Just three hours beyond the border was Istanbul where we stayed for 4 days in a parking area right in the centre next to the bus station. A tour of the Blue Mosque, Topkapi and the bazaar, where Judith had to buy appropriate clothes for Iran, plus necessary shopping ensued. We left Europe via the Sultan Emit toll bridge and continued to Ankara and onwards to eastern Anatole. Before entering Iran we camped for 2 nights under Mt Ararat and ventured out in a dolmus to see some of the special sites.
Iran was slow to enter with most of the day spent at the border. But once we were there it was totally different to what we had expected. People were very friendly and keen to talk, many speaking excellent English, and even on the roads passing traffic would slow down and wave enthusiastically. Our first stop was at Tabriz and you quickly notice that most cars are old Hillman Hunters in fact that one model of car is said to be responsible for 40% of Iran’s pollution. On the good side a tank full of diesel cost less than 1 euro or 80p but it takes an hour to get to the front of the queue. We continued to Tehran where we camped in a park above the city with great panoramic views. Having visited all the sites we continued south to Esfahan, where many of Iran’s greatest treasures are to be found. From there we headed north across the great salt desert towards the Turkmenistan border.

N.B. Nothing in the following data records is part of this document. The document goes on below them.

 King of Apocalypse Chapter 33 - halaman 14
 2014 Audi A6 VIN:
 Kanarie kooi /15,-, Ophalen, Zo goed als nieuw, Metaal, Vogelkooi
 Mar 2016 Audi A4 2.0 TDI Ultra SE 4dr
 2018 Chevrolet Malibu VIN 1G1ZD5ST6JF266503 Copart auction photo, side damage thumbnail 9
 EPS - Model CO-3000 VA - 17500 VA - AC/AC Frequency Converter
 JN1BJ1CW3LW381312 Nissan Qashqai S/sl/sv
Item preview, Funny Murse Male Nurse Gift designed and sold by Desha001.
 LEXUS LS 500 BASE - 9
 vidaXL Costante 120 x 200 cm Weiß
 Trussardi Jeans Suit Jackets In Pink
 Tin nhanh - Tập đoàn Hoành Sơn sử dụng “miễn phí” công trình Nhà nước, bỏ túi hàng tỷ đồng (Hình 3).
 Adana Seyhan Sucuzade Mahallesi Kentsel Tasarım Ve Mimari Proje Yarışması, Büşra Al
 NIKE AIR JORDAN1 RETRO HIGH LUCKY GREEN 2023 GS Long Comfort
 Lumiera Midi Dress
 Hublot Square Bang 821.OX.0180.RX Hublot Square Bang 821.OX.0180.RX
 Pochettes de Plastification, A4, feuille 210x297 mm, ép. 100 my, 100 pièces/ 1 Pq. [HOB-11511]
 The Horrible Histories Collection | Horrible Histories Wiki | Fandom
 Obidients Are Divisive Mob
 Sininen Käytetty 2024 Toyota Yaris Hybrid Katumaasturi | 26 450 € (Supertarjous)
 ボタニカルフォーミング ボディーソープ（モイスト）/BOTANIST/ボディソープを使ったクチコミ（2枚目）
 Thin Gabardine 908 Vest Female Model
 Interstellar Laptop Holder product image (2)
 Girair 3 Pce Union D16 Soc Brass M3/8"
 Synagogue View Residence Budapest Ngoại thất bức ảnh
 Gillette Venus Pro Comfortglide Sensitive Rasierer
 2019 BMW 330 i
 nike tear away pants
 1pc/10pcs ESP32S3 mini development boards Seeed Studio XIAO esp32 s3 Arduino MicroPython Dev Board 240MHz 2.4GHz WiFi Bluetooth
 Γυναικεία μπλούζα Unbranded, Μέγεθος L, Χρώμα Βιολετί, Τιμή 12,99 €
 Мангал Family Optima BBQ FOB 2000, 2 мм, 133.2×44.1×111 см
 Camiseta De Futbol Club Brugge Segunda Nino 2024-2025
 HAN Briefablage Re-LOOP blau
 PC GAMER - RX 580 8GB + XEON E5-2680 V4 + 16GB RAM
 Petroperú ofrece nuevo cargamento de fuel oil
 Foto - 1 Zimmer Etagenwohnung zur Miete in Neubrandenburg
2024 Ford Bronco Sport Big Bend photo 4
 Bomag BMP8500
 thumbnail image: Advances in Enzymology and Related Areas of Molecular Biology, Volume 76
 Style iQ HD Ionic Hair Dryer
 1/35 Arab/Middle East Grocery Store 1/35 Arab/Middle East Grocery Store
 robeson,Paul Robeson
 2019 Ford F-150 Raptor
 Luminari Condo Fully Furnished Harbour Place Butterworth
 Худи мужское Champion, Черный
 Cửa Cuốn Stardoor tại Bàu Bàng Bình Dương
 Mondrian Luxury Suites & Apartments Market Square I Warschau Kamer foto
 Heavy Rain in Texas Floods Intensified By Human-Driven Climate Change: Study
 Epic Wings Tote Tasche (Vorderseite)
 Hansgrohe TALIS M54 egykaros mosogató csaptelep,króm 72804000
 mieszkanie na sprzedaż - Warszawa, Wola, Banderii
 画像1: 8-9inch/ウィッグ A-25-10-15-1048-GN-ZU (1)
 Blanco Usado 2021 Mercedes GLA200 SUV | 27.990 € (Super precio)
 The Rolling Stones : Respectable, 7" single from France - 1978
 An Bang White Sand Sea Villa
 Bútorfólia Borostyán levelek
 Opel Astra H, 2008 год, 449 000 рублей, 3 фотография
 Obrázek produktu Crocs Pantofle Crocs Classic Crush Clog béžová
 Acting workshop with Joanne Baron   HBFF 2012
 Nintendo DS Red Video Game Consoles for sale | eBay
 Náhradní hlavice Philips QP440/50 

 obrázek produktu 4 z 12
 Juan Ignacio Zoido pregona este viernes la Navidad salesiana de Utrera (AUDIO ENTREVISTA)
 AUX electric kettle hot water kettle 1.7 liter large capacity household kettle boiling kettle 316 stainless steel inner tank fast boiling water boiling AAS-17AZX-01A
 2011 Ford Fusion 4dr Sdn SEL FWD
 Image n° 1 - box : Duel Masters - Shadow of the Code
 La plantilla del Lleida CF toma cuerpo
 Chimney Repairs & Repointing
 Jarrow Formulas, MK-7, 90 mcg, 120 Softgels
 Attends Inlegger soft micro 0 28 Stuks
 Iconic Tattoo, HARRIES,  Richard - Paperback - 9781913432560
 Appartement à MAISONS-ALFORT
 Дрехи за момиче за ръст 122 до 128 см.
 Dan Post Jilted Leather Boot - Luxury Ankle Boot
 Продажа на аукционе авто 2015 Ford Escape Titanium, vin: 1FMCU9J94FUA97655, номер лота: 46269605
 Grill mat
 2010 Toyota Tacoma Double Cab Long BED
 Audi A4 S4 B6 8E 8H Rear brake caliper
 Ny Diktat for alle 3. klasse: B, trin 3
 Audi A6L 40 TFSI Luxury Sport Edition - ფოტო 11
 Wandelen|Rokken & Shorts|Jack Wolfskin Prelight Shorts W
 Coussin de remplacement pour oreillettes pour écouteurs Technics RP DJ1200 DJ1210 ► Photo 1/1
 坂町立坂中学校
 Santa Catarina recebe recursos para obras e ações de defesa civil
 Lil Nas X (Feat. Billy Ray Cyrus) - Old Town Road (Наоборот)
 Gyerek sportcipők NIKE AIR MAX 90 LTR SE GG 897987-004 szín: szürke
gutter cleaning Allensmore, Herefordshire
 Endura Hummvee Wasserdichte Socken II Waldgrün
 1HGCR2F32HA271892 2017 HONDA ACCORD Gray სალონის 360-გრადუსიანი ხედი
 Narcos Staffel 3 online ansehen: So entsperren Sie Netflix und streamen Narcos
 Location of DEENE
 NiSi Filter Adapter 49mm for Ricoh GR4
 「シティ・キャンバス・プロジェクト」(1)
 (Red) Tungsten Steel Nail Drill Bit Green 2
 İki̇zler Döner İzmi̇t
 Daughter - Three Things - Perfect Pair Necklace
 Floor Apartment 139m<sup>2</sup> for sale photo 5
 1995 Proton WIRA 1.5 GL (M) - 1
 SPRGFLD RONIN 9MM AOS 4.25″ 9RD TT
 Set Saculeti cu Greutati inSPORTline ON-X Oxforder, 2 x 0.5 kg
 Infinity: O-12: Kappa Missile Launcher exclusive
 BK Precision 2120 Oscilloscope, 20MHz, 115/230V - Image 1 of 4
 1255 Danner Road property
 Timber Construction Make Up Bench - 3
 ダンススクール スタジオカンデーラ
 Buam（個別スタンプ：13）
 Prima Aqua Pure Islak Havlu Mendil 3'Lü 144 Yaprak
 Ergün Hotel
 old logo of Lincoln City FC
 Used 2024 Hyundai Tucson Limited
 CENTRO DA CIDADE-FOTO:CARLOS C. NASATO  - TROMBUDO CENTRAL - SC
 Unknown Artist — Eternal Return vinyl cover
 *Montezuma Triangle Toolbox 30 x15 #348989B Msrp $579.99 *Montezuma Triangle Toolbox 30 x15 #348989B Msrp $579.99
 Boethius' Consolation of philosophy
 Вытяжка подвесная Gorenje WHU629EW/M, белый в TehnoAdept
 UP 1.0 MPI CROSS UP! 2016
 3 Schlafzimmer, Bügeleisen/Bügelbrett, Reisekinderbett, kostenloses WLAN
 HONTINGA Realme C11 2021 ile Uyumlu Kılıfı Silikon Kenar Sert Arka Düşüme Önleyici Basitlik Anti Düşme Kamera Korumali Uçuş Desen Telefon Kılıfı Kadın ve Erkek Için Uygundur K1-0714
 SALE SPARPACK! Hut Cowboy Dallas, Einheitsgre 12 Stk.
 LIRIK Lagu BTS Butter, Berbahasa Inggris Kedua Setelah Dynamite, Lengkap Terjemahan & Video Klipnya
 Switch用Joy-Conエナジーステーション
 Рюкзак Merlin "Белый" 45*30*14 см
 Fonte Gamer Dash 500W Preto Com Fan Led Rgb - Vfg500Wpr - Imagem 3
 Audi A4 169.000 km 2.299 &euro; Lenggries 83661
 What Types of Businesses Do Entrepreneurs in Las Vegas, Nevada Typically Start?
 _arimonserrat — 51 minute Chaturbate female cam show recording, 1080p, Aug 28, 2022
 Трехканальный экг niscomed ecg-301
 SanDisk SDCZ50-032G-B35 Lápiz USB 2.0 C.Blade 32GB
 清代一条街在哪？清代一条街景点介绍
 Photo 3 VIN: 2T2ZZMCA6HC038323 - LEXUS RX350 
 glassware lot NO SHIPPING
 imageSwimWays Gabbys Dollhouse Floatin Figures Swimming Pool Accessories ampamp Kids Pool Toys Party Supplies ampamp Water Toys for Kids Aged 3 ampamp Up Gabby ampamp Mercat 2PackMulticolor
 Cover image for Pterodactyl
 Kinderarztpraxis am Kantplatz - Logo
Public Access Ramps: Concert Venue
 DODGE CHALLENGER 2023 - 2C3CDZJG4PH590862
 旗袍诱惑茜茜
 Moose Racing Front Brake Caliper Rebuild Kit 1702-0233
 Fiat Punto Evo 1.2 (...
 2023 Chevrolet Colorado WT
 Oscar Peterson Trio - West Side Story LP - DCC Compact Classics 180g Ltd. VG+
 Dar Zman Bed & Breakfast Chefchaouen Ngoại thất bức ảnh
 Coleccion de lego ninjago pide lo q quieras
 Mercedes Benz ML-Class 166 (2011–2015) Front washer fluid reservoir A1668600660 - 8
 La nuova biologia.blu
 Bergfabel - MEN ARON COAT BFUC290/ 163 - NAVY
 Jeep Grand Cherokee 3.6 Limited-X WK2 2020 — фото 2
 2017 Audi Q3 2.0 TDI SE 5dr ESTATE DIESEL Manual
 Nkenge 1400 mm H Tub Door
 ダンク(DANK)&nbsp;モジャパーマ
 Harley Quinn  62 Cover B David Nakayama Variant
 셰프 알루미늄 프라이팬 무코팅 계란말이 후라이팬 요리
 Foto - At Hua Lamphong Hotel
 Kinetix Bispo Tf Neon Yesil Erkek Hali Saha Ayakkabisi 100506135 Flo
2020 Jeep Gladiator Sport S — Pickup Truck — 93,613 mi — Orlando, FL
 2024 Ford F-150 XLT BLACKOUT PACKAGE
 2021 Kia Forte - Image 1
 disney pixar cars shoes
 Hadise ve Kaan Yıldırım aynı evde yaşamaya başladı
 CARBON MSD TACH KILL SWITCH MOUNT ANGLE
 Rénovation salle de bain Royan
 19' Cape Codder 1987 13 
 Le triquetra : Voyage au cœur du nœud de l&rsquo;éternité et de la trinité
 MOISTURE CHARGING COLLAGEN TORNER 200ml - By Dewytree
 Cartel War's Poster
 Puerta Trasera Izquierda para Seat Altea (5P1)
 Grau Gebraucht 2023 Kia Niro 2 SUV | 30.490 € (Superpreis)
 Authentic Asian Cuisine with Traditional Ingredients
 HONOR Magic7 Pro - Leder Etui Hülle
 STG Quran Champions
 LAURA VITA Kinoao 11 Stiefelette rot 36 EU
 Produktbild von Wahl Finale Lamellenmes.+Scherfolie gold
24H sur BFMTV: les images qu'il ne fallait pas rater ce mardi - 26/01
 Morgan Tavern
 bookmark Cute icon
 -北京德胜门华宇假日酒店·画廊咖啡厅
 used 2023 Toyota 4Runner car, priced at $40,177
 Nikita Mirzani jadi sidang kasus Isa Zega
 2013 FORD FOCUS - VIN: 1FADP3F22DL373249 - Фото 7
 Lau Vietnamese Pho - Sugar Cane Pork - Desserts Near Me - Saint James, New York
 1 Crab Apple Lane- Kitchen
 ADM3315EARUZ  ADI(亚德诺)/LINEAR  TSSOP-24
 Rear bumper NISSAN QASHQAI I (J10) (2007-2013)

Entry into this former soviet dictatorship was painfully slow and took most of the day. Bribes had to be paid to various officials to ensure you got the appropriate stamp to move on to the next stage this was of course in addition to the entry fee, diesel tax, compulsory insurance and disinfection charges that had to be paid in US dollars. A lengthy argument took place because some of the group refused to pay the 15$ bribe to the customs officials but they gave in when is time to close the border. Ashgabat must be one of the strangest capitals in the world, more akin to Disneyland with its large marble buildings and gold statues which initially look quite impressive until you get close and see the poor construction and maintenance. It is clearly a country of a few very rich and many very poor. Having driven north to Mary and Merv we stayed an extra day because of visa problems. The Chinese had issued the necessary visas for the entire group but had subsequently decided that we could not enter Tibet Province nor could we travel along the road which was due to carry the Olympic torch. So we now could not enter China until June 30th which meant we needed extended visas for Uzbekistan and Krygkzstan so more bureaucracy and fees.
Compared with our two earlier border crossing it was a pleasure to enter Uzbekistan despite the delays and need for more bribes before we could leave Turkmenistan. We are part way through a 3 week stay in this our second former soviet republic. We had a great stay in Buchara and are now in Samarkand which must be one of the real highlights of our trip. Yesterday among other things we visited the site of grave of Daniel which of course had an adjacent Lion’s den; this is a very moderate Muslim country with pork and alcohol widely available.
This posting is short because of problems finding an internet connection that works; a more detailed account will be available later. So for now we continue to swelter in the 35 degrees heat of Samarkand.